Where I hate on "Frankenstein"
After
Enter, "Frankenstein."
Now, exit me.
Why do I keep torturing myself? As a fan of the horror genre, I want to be a purist and delve into "where it all started," but now that I'm at the beginning, I just want to go home.
Who do I blame? Mary Shelley? Dr. Frankenstein? The narrator?
Yes. I said narrator. I listened to it while driving to work. It's another classic killed by the narrator. I get it, sir. Frankenstein sounds German, but guess what? Your accent doesn't. Please stop.
And your voice for women? A whispery lilt that hurts. Where do they find these people? Is there a small pool of narrators for audio books?
I'll be submitting my resume.
I can't wholly blame the narrator. The story is a long-winded account of a stupid man with daddy issues that abandons his creation.
We find out Frankenstein is some kind of doctor, some kind of scientist. We, the reader, don't get to know what kind. Instead, we read that he's secretly doing something with no detail at all. Not in some grand castle with lightning and screamings of "It's alive!" but in some upstairs bedroom in an apartment.
Boo-hiss, Shelley. This is fiction: You could've easily put Frankenstein in a suitable laboratory. Your knowledge about science was obviously limited, so you could've beefed up the supernatural.
Then, once the doctor's monster-creation-thing wakes up, Frankenstein pees himself, and runs away from it. He leaves his residence, and then, upon his return, is relieved to find that his monster-creation-thing is gone.
He didn't care for it, give it a bottle and show it the world. That alone was infuriating.
And then a friend comes to visit, and he's stuck taking care of Frankenstein who is sweat-swooning and mumbling on about his creation. If I were that friend, I would've slapped Frankenstein, hard, across the face, grabbed onto his collar and shaken him, whilst yelling, "snap out of it!"
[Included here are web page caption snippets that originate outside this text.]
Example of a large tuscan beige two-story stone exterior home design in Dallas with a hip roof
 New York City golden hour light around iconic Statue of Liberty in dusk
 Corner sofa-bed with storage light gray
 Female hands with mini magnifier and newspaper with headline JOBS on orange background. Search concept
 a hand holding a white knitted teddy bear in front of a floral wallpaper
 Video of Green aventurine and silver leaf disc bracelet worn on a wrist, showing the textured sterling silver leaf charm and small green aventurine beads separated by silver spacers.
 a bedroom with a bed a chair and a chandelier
In the meantime, the monster-creation-thing kills a kid. One of Frankenstein's lady-relatives is convicted of the murder. Frankenstein is a sissy that doesn't let his people know that it just might be his fault, since, you know, he created a living thing and then abandoned it. But then, the lady-relative confesses to the murder (even though she is innocent) and is hung, and that's where I gave up on the book.
I was probably 40 pages in. That was 40 pages too much.
Maybe listening killed the literary star, but I'm going to stick to some more modern writing for the time being.